しかし、この寺の魅力は私を離さなかった。境内には『中川順庵先生顕彰碑』が目を引く。杉田玄白とターヘルアナトミアを翻訳した人だ。オランダ語にも長けていてオランダで手に入れた解剖図と照らし合わせながら、時衆聖の手により解体される人体の構造を学んだと言う。小浜藩の藩医なので墓は別の寺にあるが、西福寺には刑死場があり、サンプルには困らない。石段の下には兼務している寺があり、そこでは金瘡医(日本古来の外科医)がおり、産科もこなしていたという。そもそも仏教では血穢をきらうので、産科と外科は儒教か時衆に所属しないとできなかったらしい。中川順庵は西福寺において解剖学を医学生に教えていて、その教本である解剖図なのか、元々寺にあった解剖図なのかはわからないが。和尚さんが入山する前に帝国大学歴史編纂室(今の東大)に没収され、戦後になって催促して返してもらった古文書のうち、その解剖図だけは返してもらえないと当時の総代達が怒っていたそうだ。国家神道政策に伴って歴史が覆りそうな貴重な古文書は返さないという話は全国各地でよく聞く。

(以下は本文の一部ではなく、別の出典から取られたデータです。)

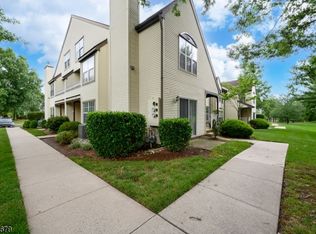 3005 Vroom Dr, Bridgewater, NJ 08807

返された古文書は寄進帳なので、これを売って寺の修繕に充てませんか?といったのは和尚さんだった。私はどのくらい費用が掛かるか、各業者に見積もってもらいましょうと提案した。まず、境内を埋め尽くしている杉を伐採してもらうため、森林組合に依頼したところ売れる杉は1本もないし、断念しかけたところへ、なんと裏山に樅木の大木が発見されたのだ。その一本で邪魔な杉の木は伐採され、境内に日が差すようになり、なおもヤモリの石段まで真っすぐに直してくれて全て賄えた。
さて問題は本堂。知人の紹介で若いが腕のいい大工さんに頼んだところ、「あんたが俺の手伝いをしてくれれば、見積の半分でいいよ。」「よっしゃー!」ということになり、プロでなくてはできない仕事以外、たとえば古い壁を剥がして塗りなおすとか。私が地道な仕事を一手に引き受けた。それでも、あと100万円はどうしても足らない。そこで、実家の母に頼んで功徳だからとうまく言って出してもらうことにした。

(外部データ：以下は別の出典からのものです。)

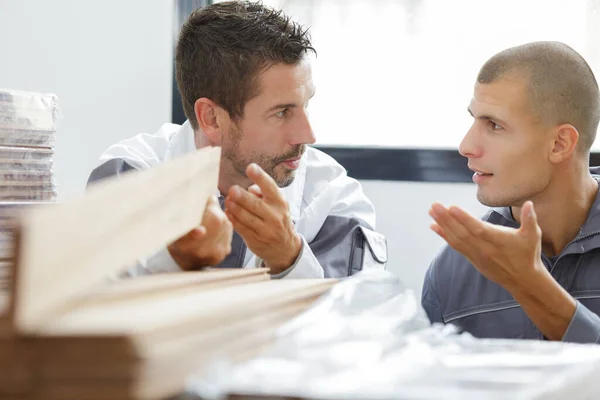 Timmerman Met Mannelijke Leerling Werkplaats — Stockfoto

そんなある日、寺を修繕中だというのである骨董屋が「襖の下張りに使われている和紙がありましたらみせてください。」と訪ねて来た。何でも今は古文書ブームで下張りに使われている子供の手習いでも高く売れるんですよ。と言う。それを聞いて私の実家にお金を出してもらう事を気兼ねにしている和尚さんが、「これ、これが売れませんか?」とだして来たのが件の古文書だ。「これがいくらになるか、鑑定してください。」骨董屋はこれはひょっとして3千万円くらいするかもしれませんよ。さ、サン千万!「寺の什物台帳にも載ってないんですから、ね、売りましょ。」「さすがにまずいよ。総代に相談しないと。」と和尚を落ち着かせて、骨董屋には鑑定のため持ち帰ってもらうことにした。

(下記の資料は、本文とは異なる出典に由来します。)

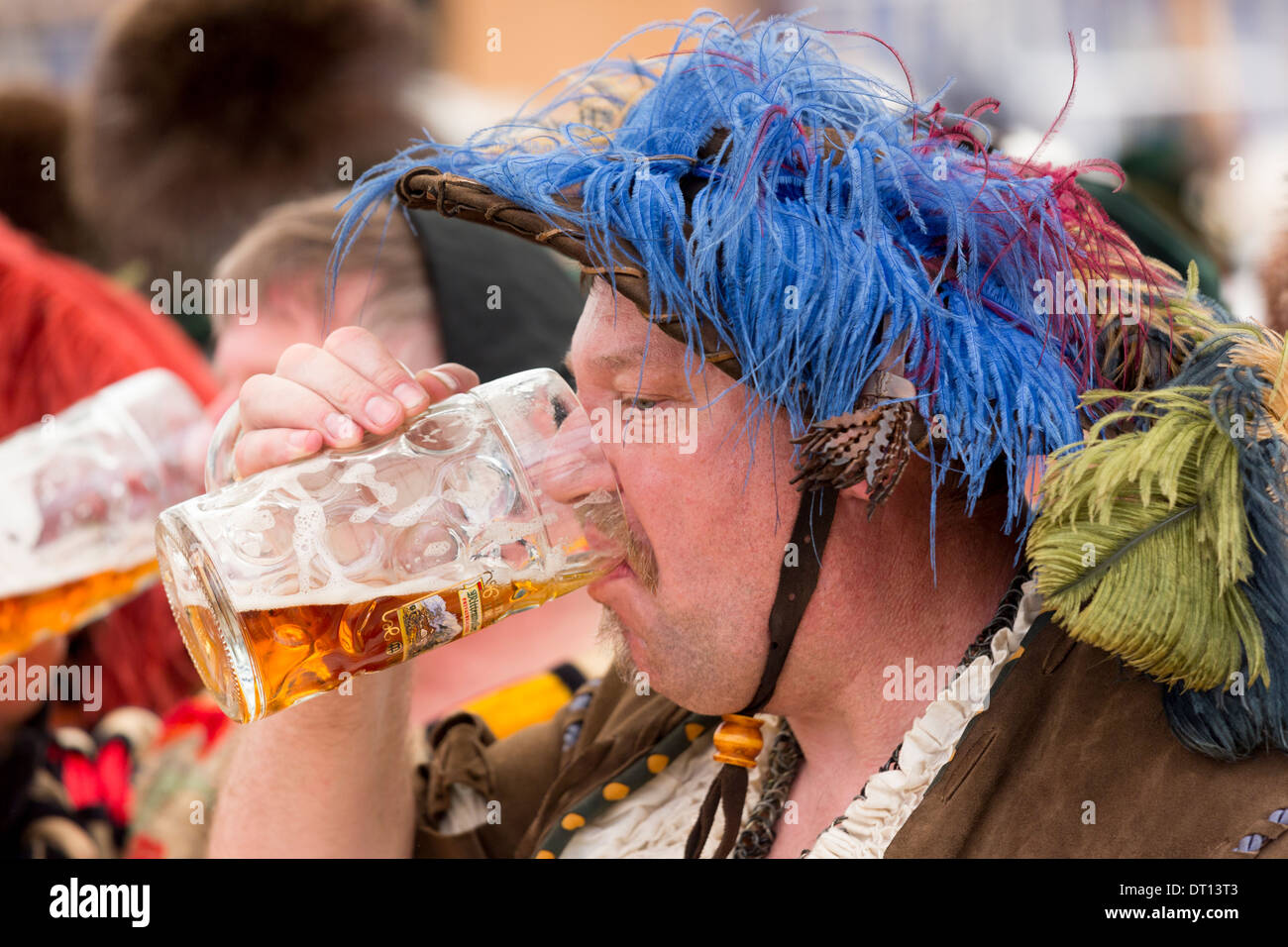 Dorfbewohner in Tracht beim Bierfestival im Dorf von Klais in Bayern, Deutschland Stockfoto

私はこの小浜市に来てからは、直ぐに反原発運動にのめりこんでいた。それも共産党や社会党などの労働組合中心の市民の会ではなく、ごく普通の家庭の主婦を中心とした『原発を考える女の会』を結成した。機関誌を編集したり、集会を開いたりするのに寺を使っていた。和尚さんは共産党に入党して原水爆反対平和行進のアイドルをやっていたけれど、檀家にとっては痛くもかゆくもない存在だった。しかし、家族の中でも反対や推進でも口にすることすら憚れるこの地域では、私の活動の方が生活に影響する大問題だった。
西福寺の総代は「こんなに寺をきれいにしてもらって…。感謝しかない。私らがしっかりしていれば庵主さんのご実家まで迷惑をかけることもなかったのに、本当に申し訳ない。」と頭を下げていたのに…。
とんでもない怪文書が近在の家々から教区の時宗寺院にまで配られていたのだったー。